The markets where solar has taken off are dominated by those that permit third-party ownership, said Carl Siegrist, a solar energy consultant who was a renewable energy strategist at We Energies.
“Nearly three-fourths of the solar market last year came from third-party ownership,” said Siegrist, who discussed the proposal at the recent Sustainability Summit in Milwaukee.
At stores around the country, Kohl’s buys power from SunEdison, which built the panels on the roofs of the Kohl’s stores.
“If there was third-party ownership allowed, they would have it on every one of their stores in the state,” said Steve Johnson of solar energy developer Convergence Energy, which developed a solar project in Delavan.
Fears of cost shifting
Utilities are concerned that the proposal could lead to higher rates.
According to Bill Skewes, who heads the Wisconsin Utilities Association, the lobbying arm for the utility industry, the biggest concern is that utilities will see cost shifting because they will sell less power to customers who install solar systems.
The fixed costs of paying for the poles, wires and day-to-day business operations of the utility would then have to be spread across the remaining customers, he said in a memorandum to lawmakers on the issue.
“The customers who become partial customers because of a distributed generation agreement would be subsidized by the other customers on the utility system,” Skewes said.
Supporters of the renewable energy shift see potential for helping farmers address their phosphorus and manure challenges by enabling them to put up more anaerobic digesters.
But, Skewes said, “advocates that want to help farmers may, in the next breath, decry the utility rate increases that further discourage economic development at a time when Wisconsin is trying to foster job growth.”
Supporters concede that the shifts could help businesses that install solar generation avoid some of the rate pressure in Wisconsin, and it could result in reduced power sales by utilities.
At the same time, they note that utilities see lower sales every time a business takes steps to cut energy waste or replaces an incandescent light bulb with an LED bulb.
Making solar affordable
Nationwide and worldwide, solar development is booming, with solar generation now reaching more than 6,000 megawatts, or enough to supply 1 million homes, according to GTM Research.
While the price of solar systems is coming down quickly – it has fallen by 50% over five years – companies are conserving cash rather than looking for places to spend it.

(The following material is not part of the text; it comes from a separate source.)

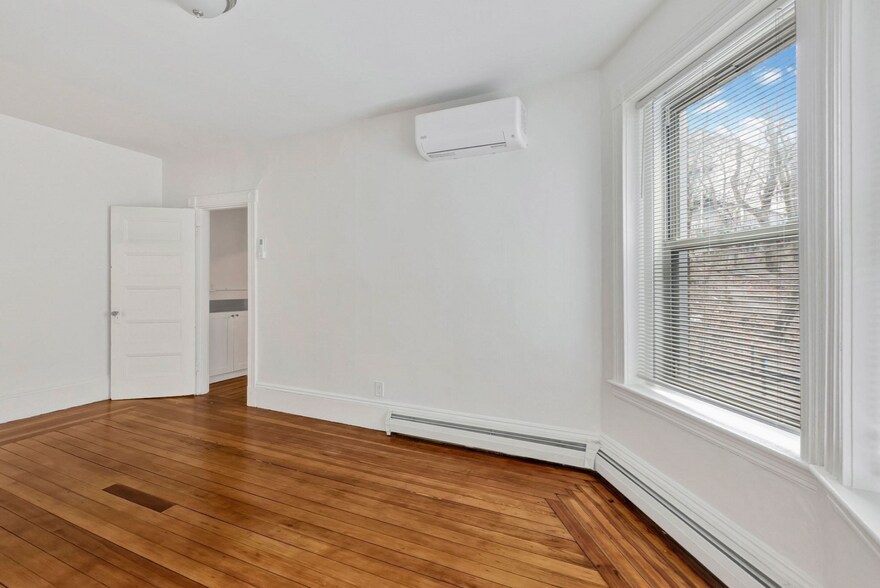 Building Photo - 864 Huntington Ave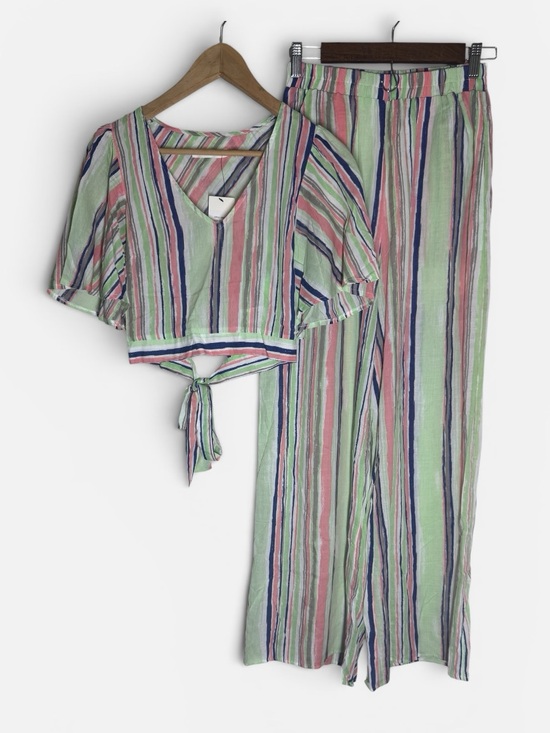 idem ditto Pants - NWT Idem Ditto Striped Crop Tie-Front/Wide Leg Set in Pastel Colors Boutique S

So when an efficiency consultant such as Johnson Controls Inc. contracts with a building owner to help cut energy waste, the upfront cost is paid for by Johnson Controls, not the utility customer. The customer then pays Johnson back over time through the savings on energy bills.
The renewable proposal works the same way, said Amy Heart, solar program manager for the City of Milwaukee. The solar company would pay the upfront costs, with the customer paying a fixed price over time for the power generated by the panels.
“We see the opportunity to not only support our solar industry, but we also have the opportunity to reduce our energy costs and lock in those rates for a 10- to 20-year term, which is that consistency we’re looking for,” Heart said. “In the long run, if we can lower our energy bills for taxpayers, that’s the idea.”
It’s a way to lock in prices over time from solar, even if utility rates go up, Siegrist said.
The proposal also overcomes one of the biggest hurdles facing renewable energy – that its upfront cost makes it affordable to a select few.